- **Description of the task**:
Your task is to copy the lines from the line containing "CWSDXM Worm Fishing" through the end of the listing below, both included, without any pictures.
BEGIN Recorded data
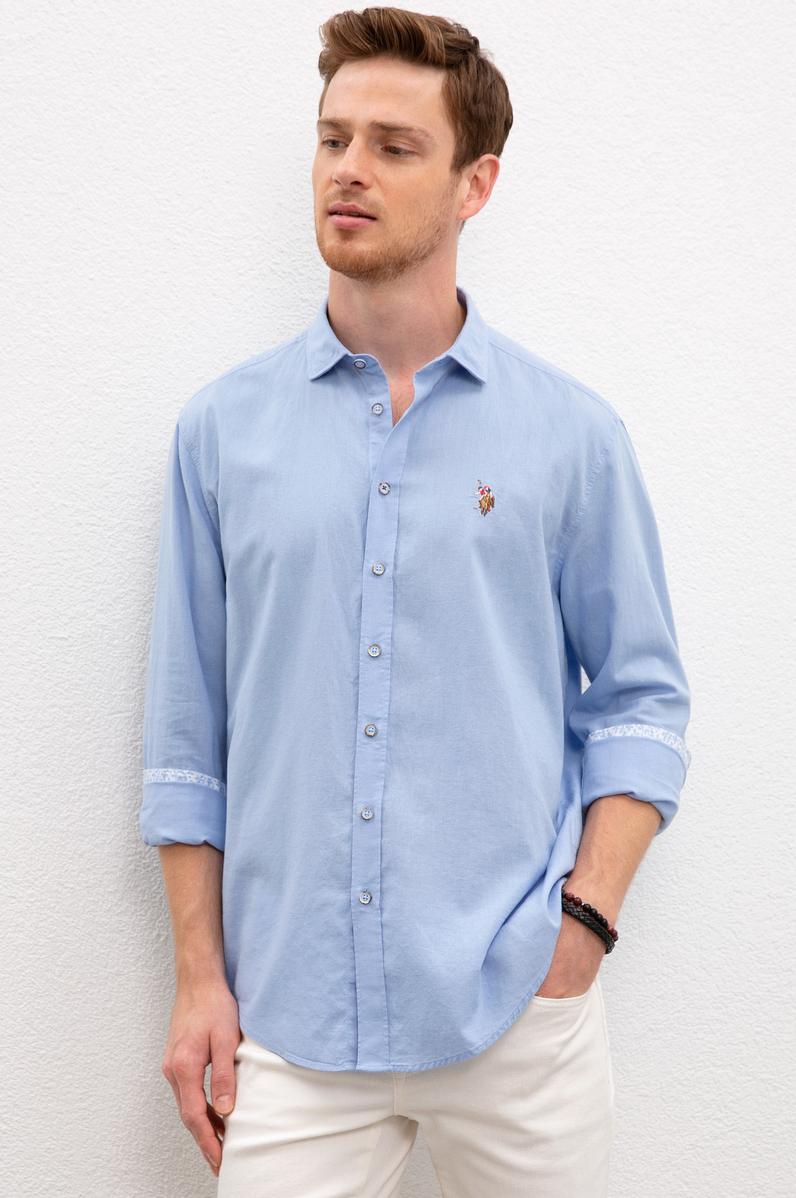 Erkek Mavi Gömlek Uzunkol Basic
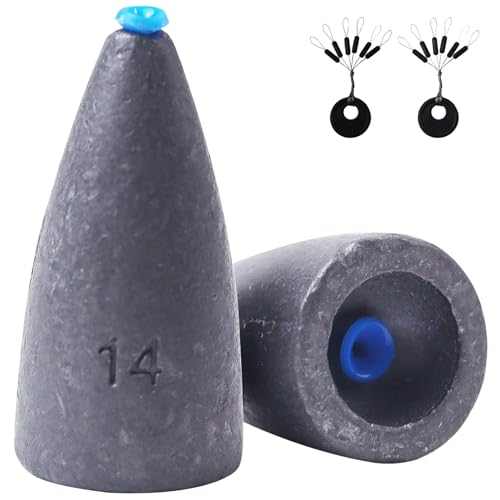 CWSDXM Worm Fishing Weights Bullet Sinkers, 1/8 oz, 50 PCs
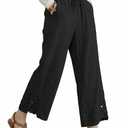 Women Casual Lightweight Drawstring Elastic Waist Pants with Pocket Linen Capri Pants Summer Beachwear 2XL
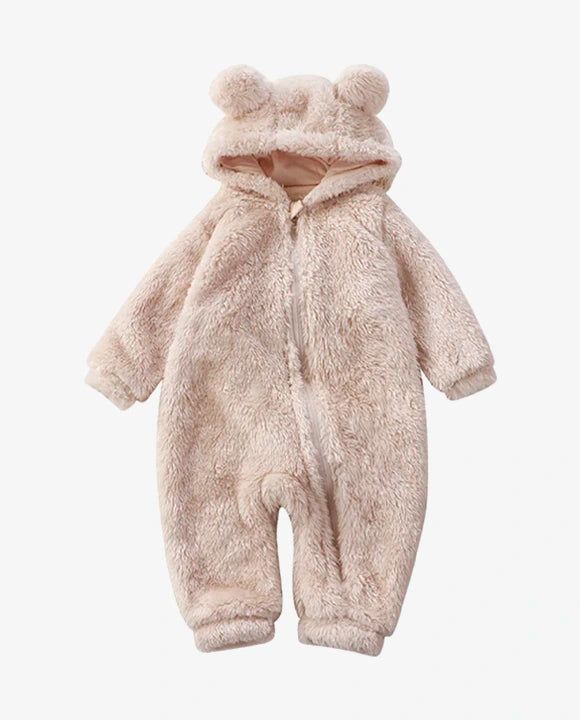 Macacão Infantil Urso de Pelúcia Quente e Confortável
END Recorded data
- **Output for this task**:
 CWSDXM Worm Fishing Weights Bullet Sinkers, 1/8 oz, 50 PCs
 Women Casual Lightweight Drawstring Elastic Waist Pants with Pocket Linen Capri Pants Summer Beachwear 2XL
 Macacão Infantil Urso de Pelúcia Quente e Confortável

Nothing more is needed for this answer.